My girlfriend (25F) and I (24M) have been together for 3 years, and lately I’ve been questioning whether love is always enough for marriage.
I genuinely love this girl. Her values, her personality, the calm and emotional safety I feel with her… I’ve honestly never had that with anyone else. She feels like someone I could build a real life and family with.
The problem is more on the physical side, and I feel terrible even admitting it. She was never really my usual type physically. She’s very skinny, while I’ve always naturally been attracted to more curvy/voluptuous women (I’m also a pretty big guy myself, 192cm / 110kg). At the beginning I thought it wouldn’t matter long term because the emotional connection felt way more important.
But sexually, we’ve never fully clicked. Part of it is probably different expectations around intimacy, but I also struggle a lot with physical desire toward her.
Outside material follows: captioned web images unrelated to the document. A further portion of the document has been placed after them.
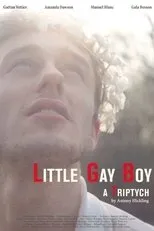 Póster de Little Gay Boy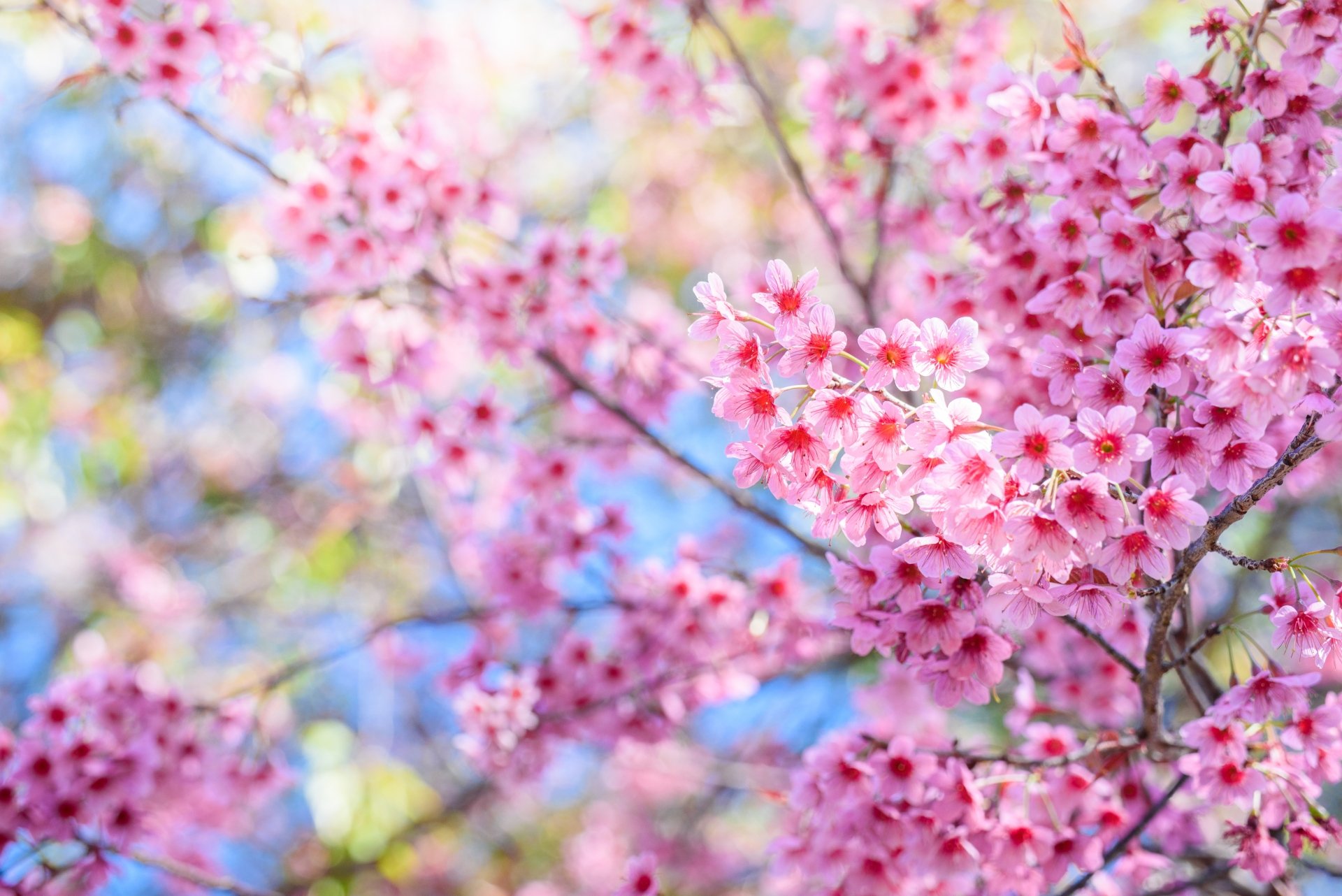 Download Spring Pink Flower Flower Nature Blossom 4k Ultra Hd Wallpaper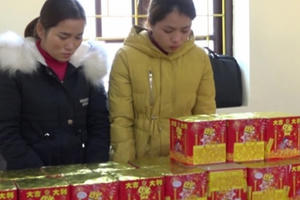 Lạng Sơn: Bắt giữ hai đối tượng vận chuyển pháo lậu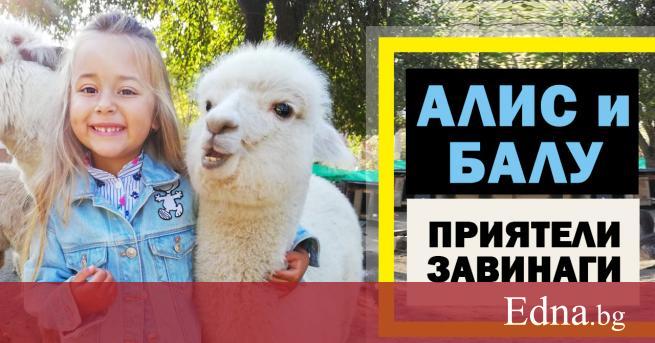 Малката Алис е на 4 години Това което я отличава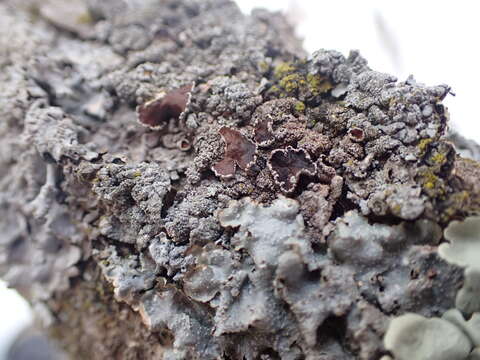 Image of myelochroa lichen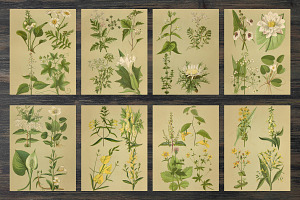 Vintage Field Plants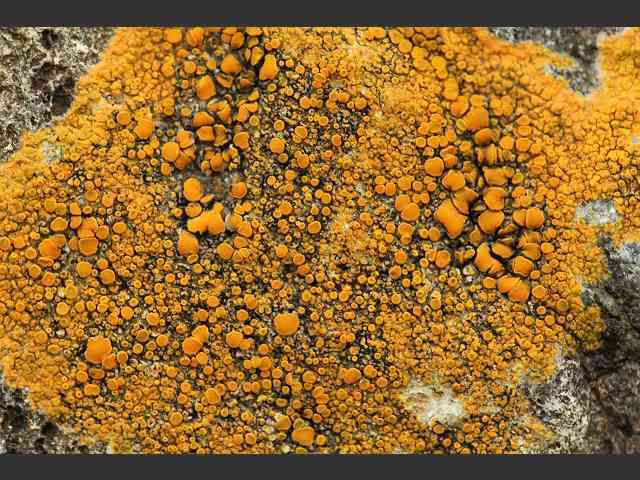 Orange lichens are potential source for anticancer drugs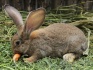 Молодняк кроликов - фотография №5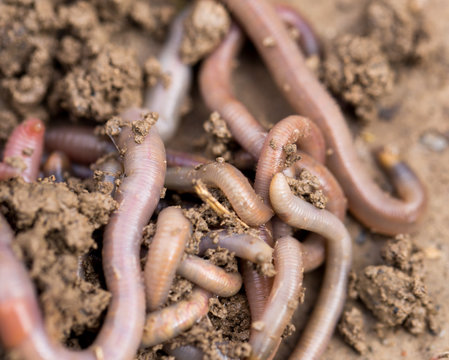 a worm on the ground. Macro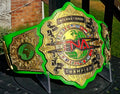 TNA International Champion Replica Title Belt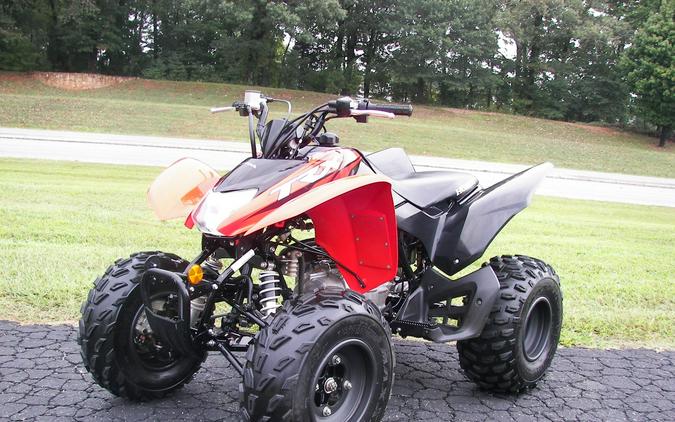 2024 Honda TRX250X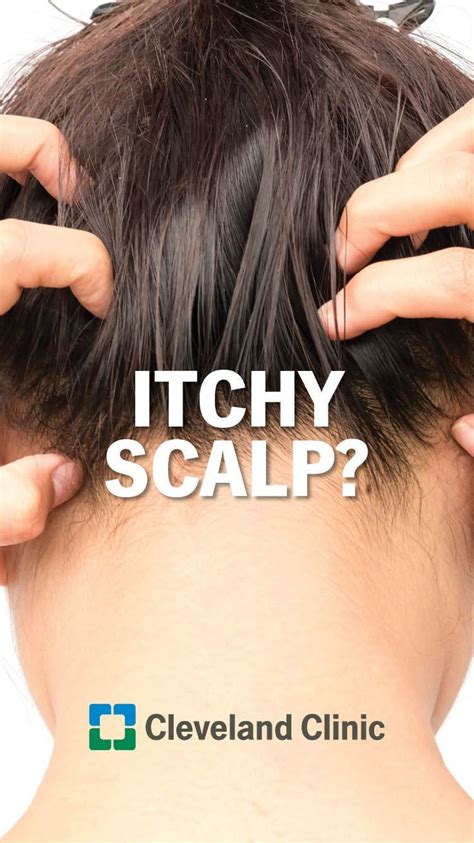 Do You Have An Itchy Scalp 5 Common Problems And Fixes Itchy Scalp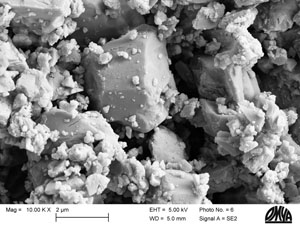 Figure 1: Micrograph of natural calcium carbonate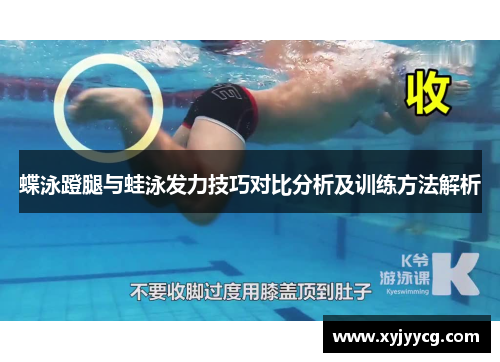 蝶泳蹬腿与蛙泳发力技巧对比分析及训练方法解析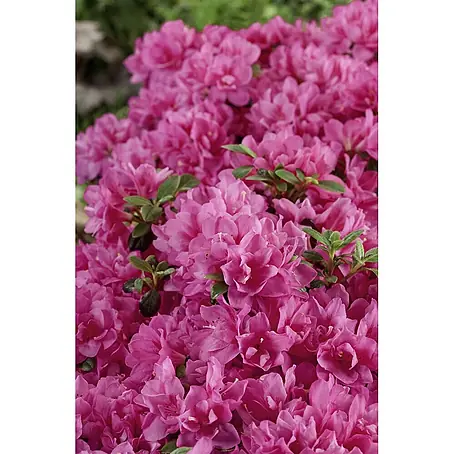 Pflanzen für dich  Rhododendron 30-40 cm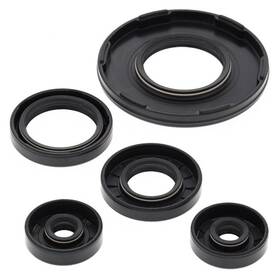 55190 Vertex Pistons Vertex-winderosa Engine Oil Seal Kit #55190 Ski-doo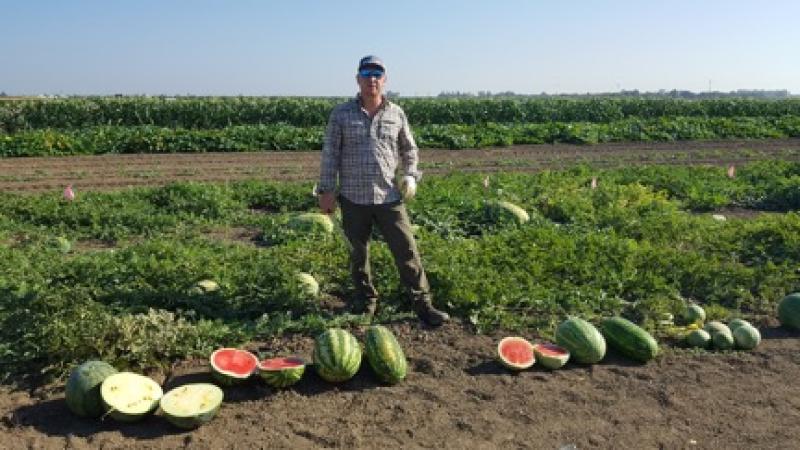 Syngeta's Watermelon Breeder Syngenta's Watermelon Breeder
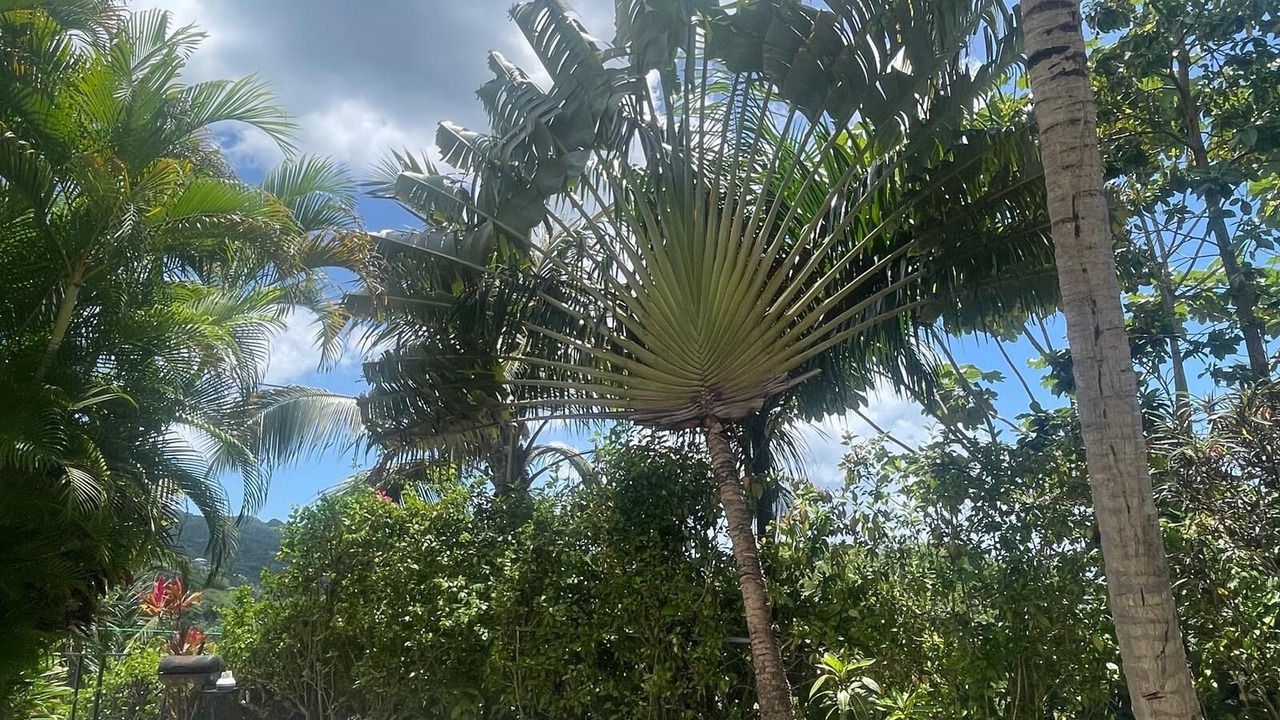Photo of Outdoor in Las Terrenas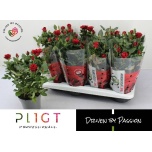 Rosa Potiroos scarlet mercedes kordana 14cm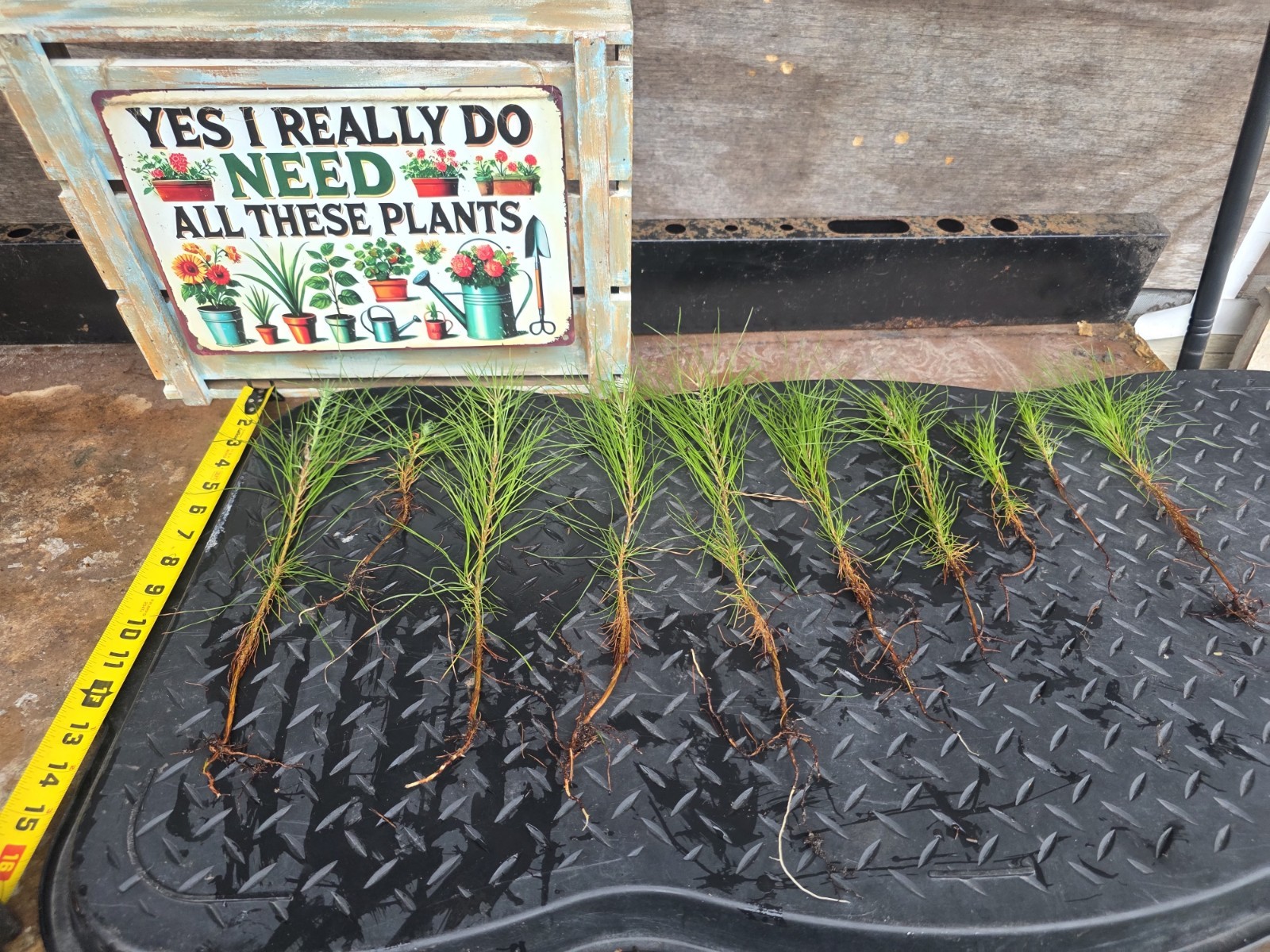 20 Loblolly Pine Tree Seedlings Live Plants (Plants Only) sizes vary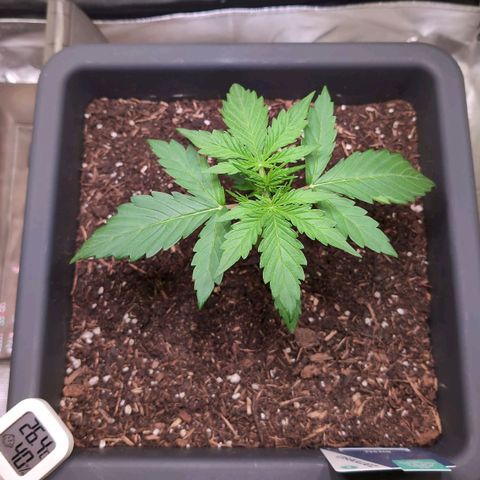 Diesel Automatic growlog timeline photo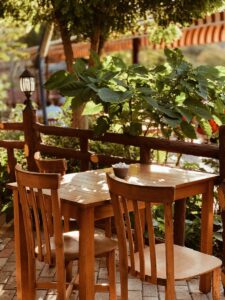 Timber Dining Chairs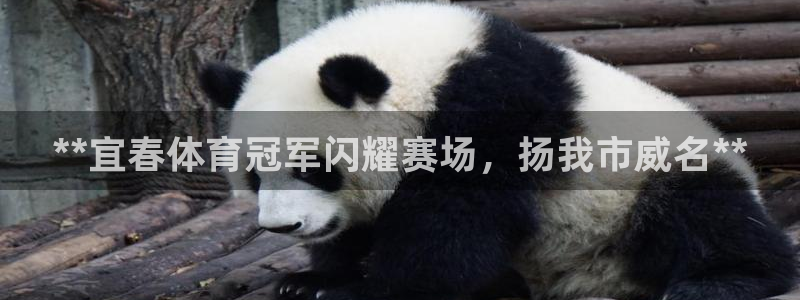 星奥娱乐微博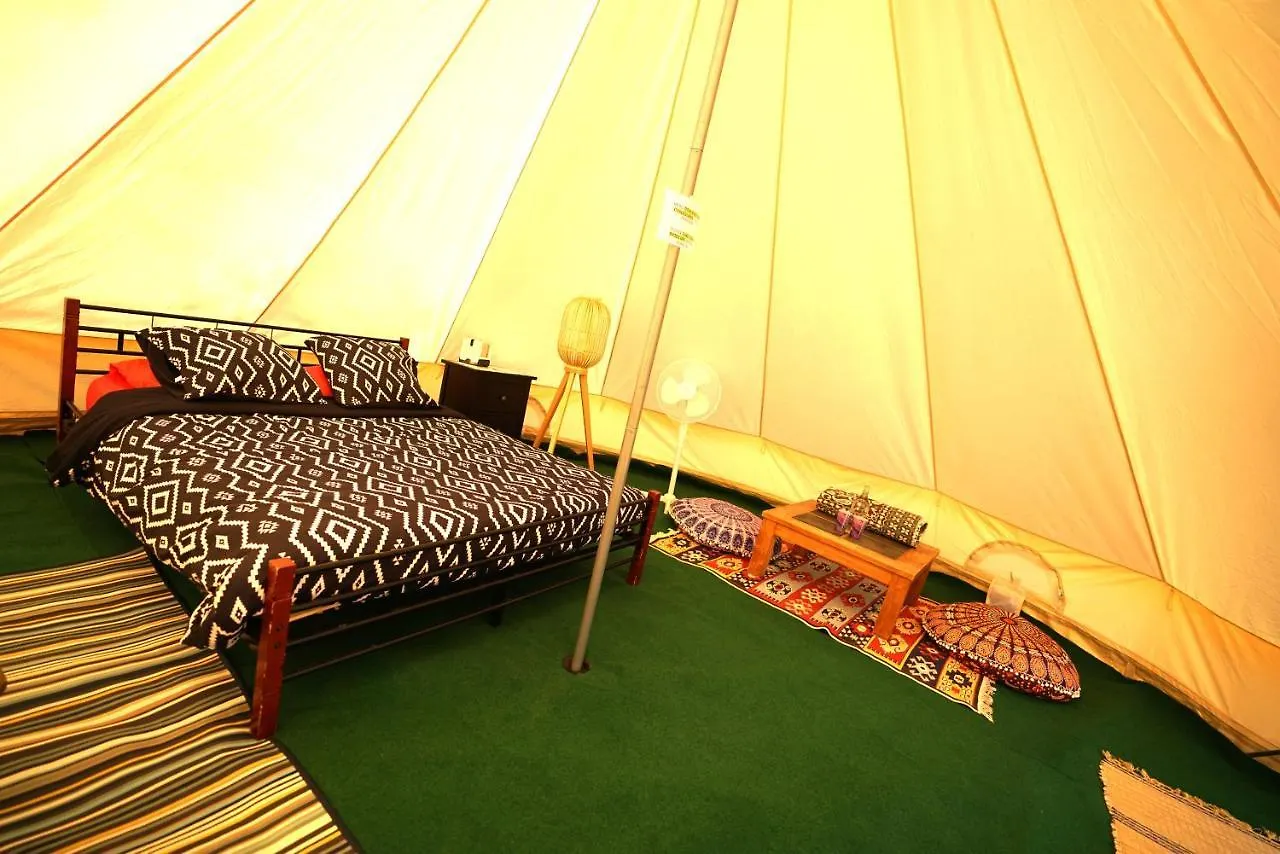 Camping Arbre De Vie Montagnac  France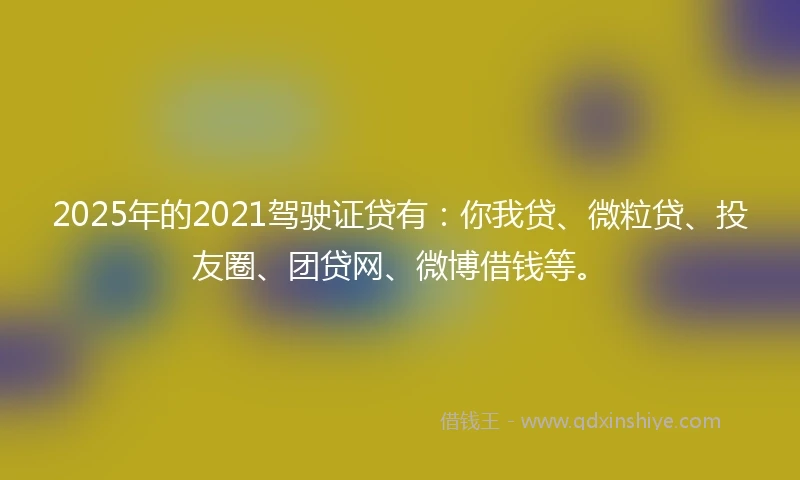 2025年的2021驾驶证贷有：你我贷、微粒贷、投友圈、团贷网、微博借钱等。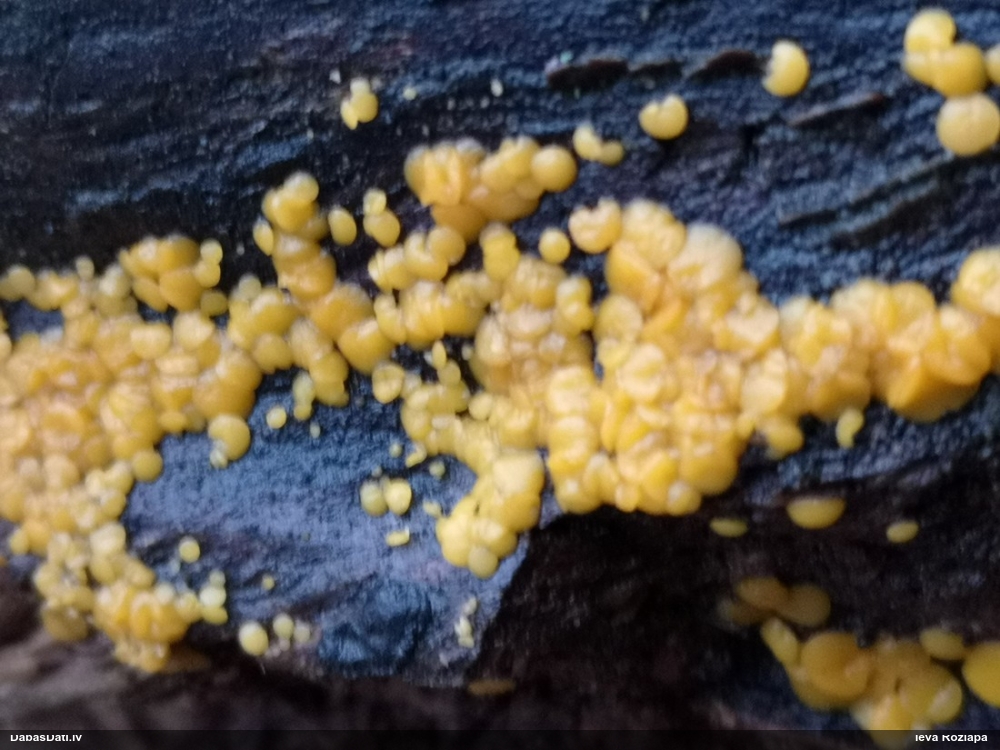лимонно-желтая калицелла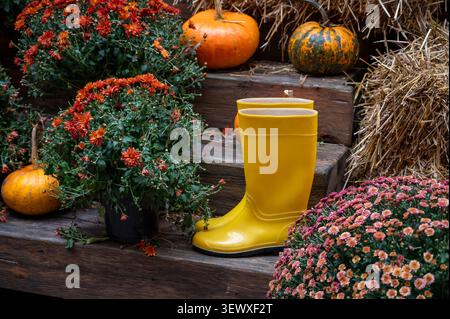 Saisonale Herbstpräsentation auf Holztreppen mit verschiedenen Kürbissen Heuballen Blumen und hellen Regenstiefeln vor roten Wänden rustikales Dekor im Freien Stockfoto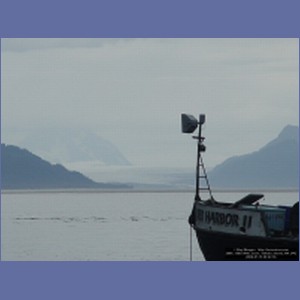 2006_1560_Mite_Cove_Yakobi_Island_AK.JPG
I rarely feel the urge to initiate, and over 3 years we’ve probably had sex less than 15 times.
What’s been scaring me recently is realizing that sometimes it almost feels like my desire completely shuts off around her, and I don’t really know what that means or what I’m supposed to do with that feeling.
The hardest part is that I truly love her and I would never want her to change her body or gain weight just to fit my preferences. I’d honestly hate myself if she felt “not enough” because of me.
I’m just confused and feeling guilty. Can a marriage realistically survive this kind of incompatibility if the emotional bond is really strong? Has anyone been through something similar without deeply hurting the person they loved?